◆ Your goal ◆
Leave the images out, and otherwise write out each entry exactly.

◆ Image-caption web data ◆

=-=-=

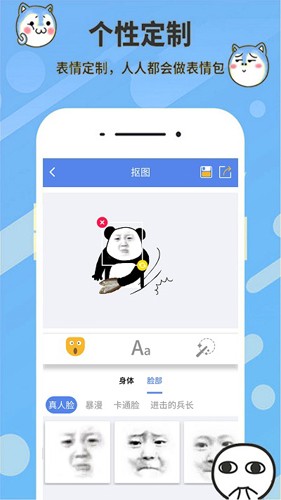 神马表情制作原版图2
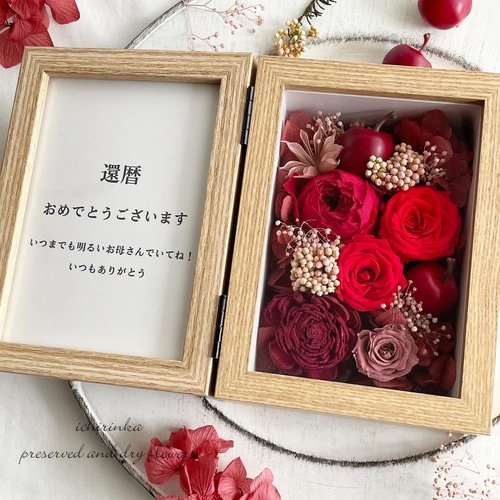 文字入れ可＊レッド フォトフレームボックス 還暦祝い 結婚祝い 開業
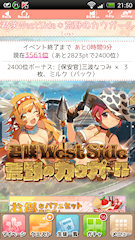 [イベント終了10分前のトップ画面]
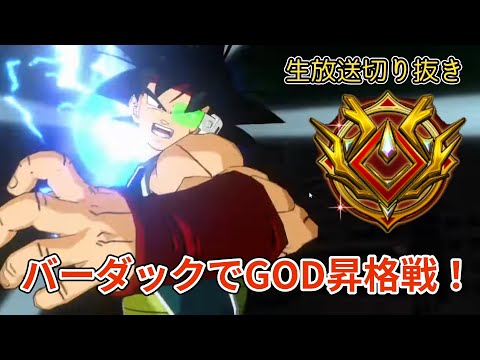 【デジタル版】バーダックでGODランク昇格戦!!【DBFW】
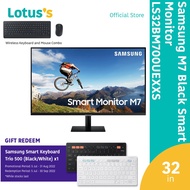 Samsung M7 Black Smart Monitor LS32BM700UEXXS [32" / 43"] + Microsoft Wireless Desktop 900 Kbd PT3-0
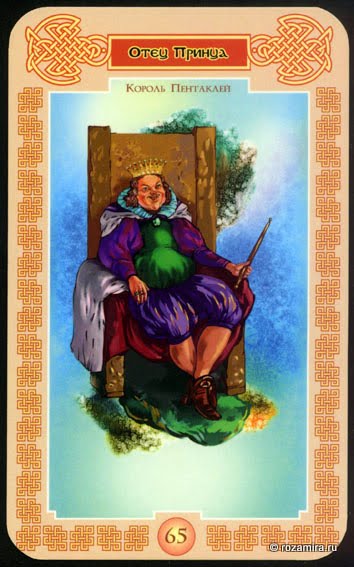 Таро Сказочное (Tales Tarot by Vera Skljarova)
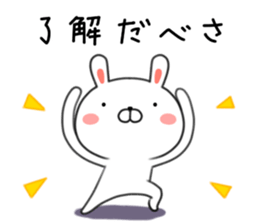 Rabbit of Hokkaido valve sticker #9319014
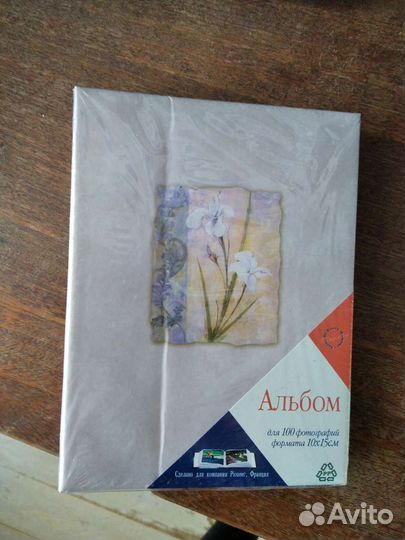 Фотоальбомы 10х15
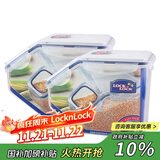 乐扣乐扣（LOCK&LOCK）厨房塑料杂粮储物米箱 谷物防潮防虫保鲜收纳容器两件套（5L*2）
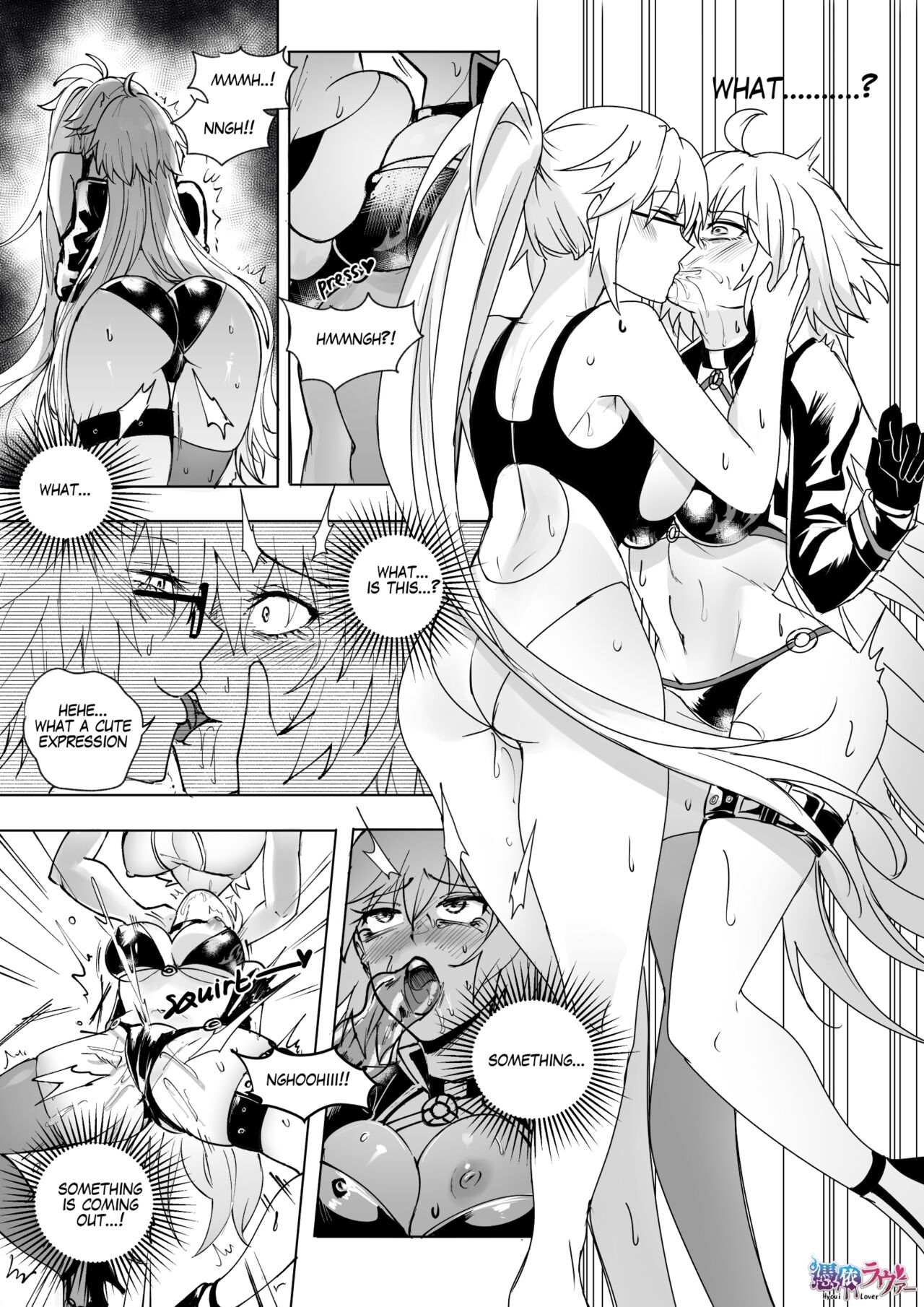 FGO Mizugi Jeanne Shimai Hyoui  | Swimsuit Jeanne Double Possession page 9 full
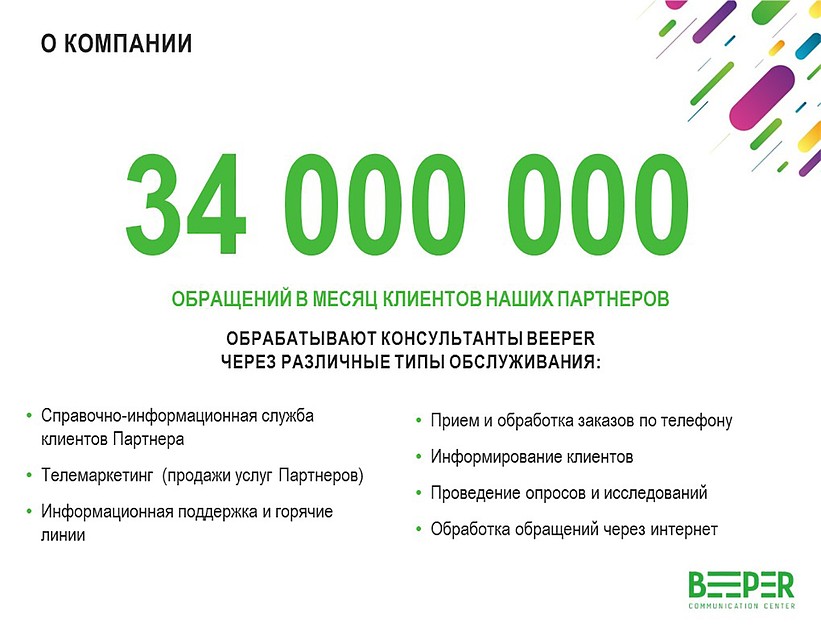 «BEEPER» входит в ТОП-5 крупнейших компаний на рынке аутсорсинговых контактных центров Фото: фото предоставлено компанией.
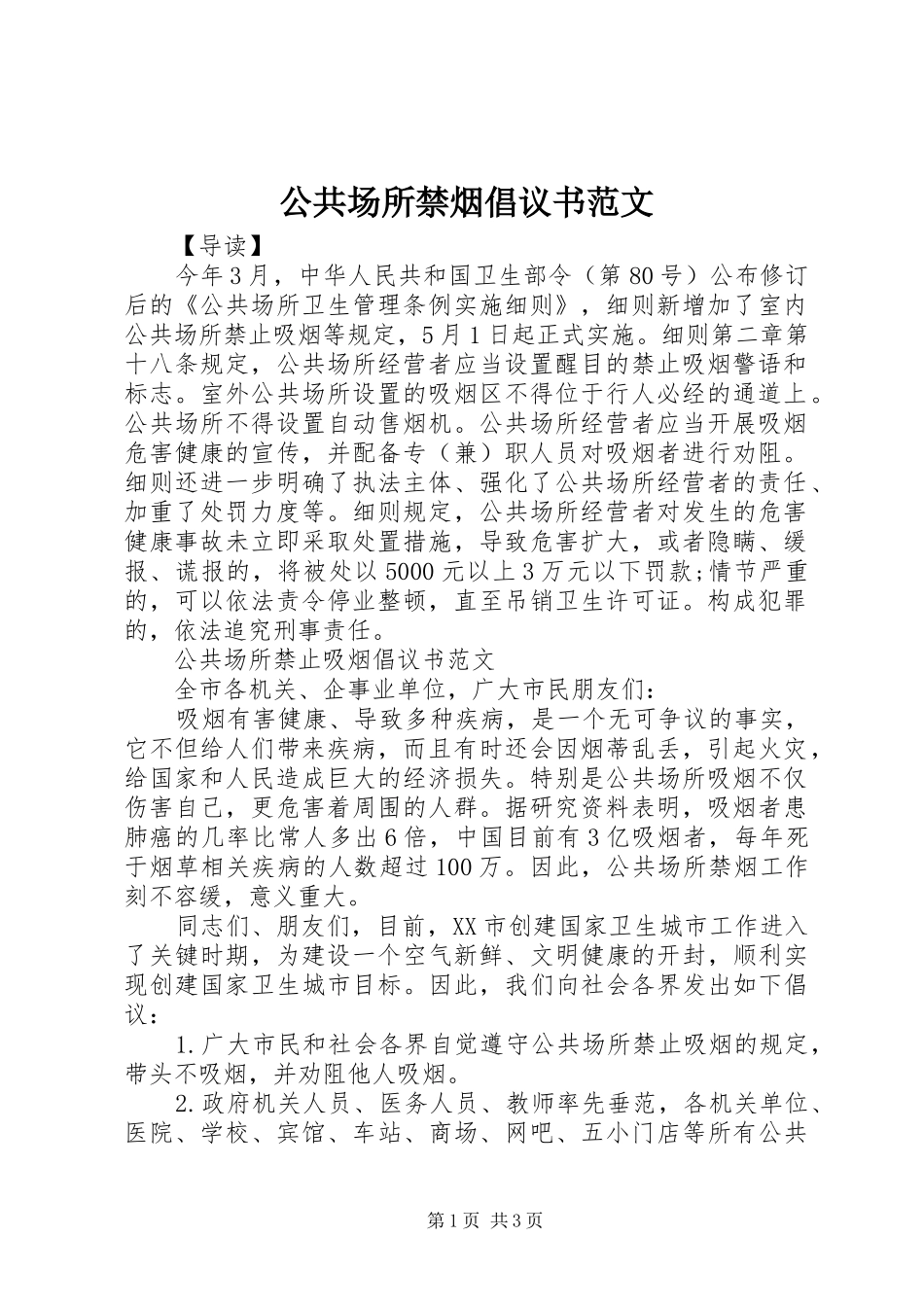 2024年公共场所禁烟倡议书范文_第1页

=-=-=

◆ Answer for this exercise ◆
 神马表情制作原版图2
 文字入れ可＊レッド フォトフレームボックス 還暦祝い 結婚祝い 開業
 [イベント終了10分前のトップ画面]
 【デジタル版】バーダックでGODランク昇格戦!!【DBFW】
 Samsung M7 Black Smart Monitor LS32BM700UEXXS [32" / 43"] + Microsoft Wireless Desktop 900 Kbd PT3-0
 Таро Сказочное (Tales Tarot by Vera Skljarova)
 Rabbit of Hokkaido valve sticker #9319014
 Фотоальбомы 10х15
 乐扣乐扣（LOCK&LOCK）厨房塑料杂粮储物米箱 谷物防潮防虫保鲜收纳容器两件套（5L*2）
 FGO Mizugi Jeanne Shimai Hyoui  | Swimsuit Jeanne Double Possession page 9 full
 «BEEPER» входит в ТОП-5 крупнейших компаний на рынке аутсорсинговых контактных центров Фото: фото предоставлено компанией.
 2024年公共场所禁烟倡议书范文_第1页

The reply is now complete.